§ WORK TO BE COMPLETED
Repeat exactly the lines of the records below, starting at the line containing "New 2026 Toyota" and ending at the line containing "弱电系统综合布线施工要求". Leave the pictures out.

§ DATA EXTRACTS
-.-.-

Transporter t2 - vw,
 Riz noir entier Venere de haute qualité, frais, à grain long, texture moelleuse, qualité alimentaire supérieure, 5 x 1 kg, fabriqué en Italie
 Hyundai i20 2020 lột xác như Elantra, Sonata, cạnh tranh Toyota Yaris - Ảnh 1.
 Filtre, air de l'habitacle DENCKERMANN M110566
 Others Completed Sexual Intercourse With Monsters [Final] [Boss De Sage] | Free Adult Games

-.-.-

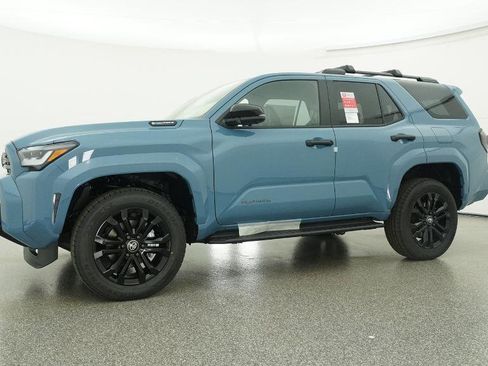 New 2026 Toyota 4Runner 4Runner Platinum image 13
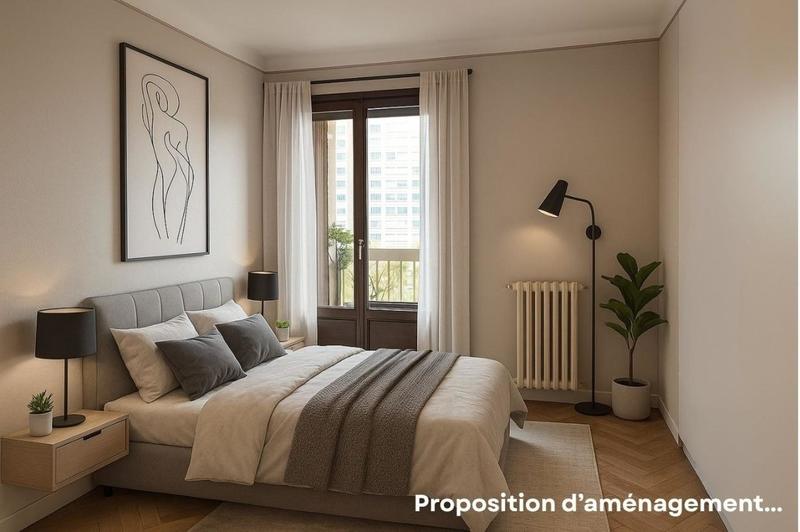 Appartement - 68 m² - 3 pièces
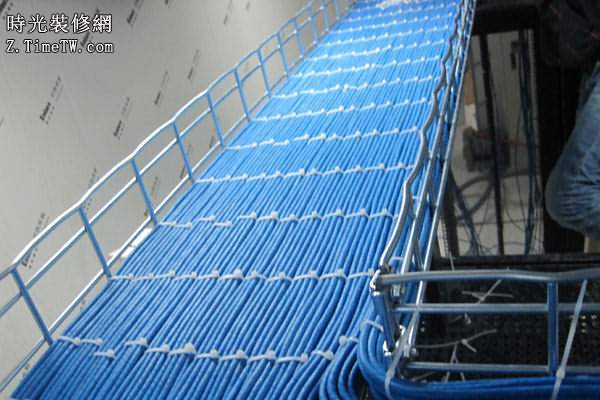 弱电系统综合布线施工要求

-.-.-

§ WORKED SOLUTION
 New 2026 Toyota 4Runner 4Runner Platinum image 13
 Appartement - 68 m² - 3 pièces
 弱电系统综合布线施工要求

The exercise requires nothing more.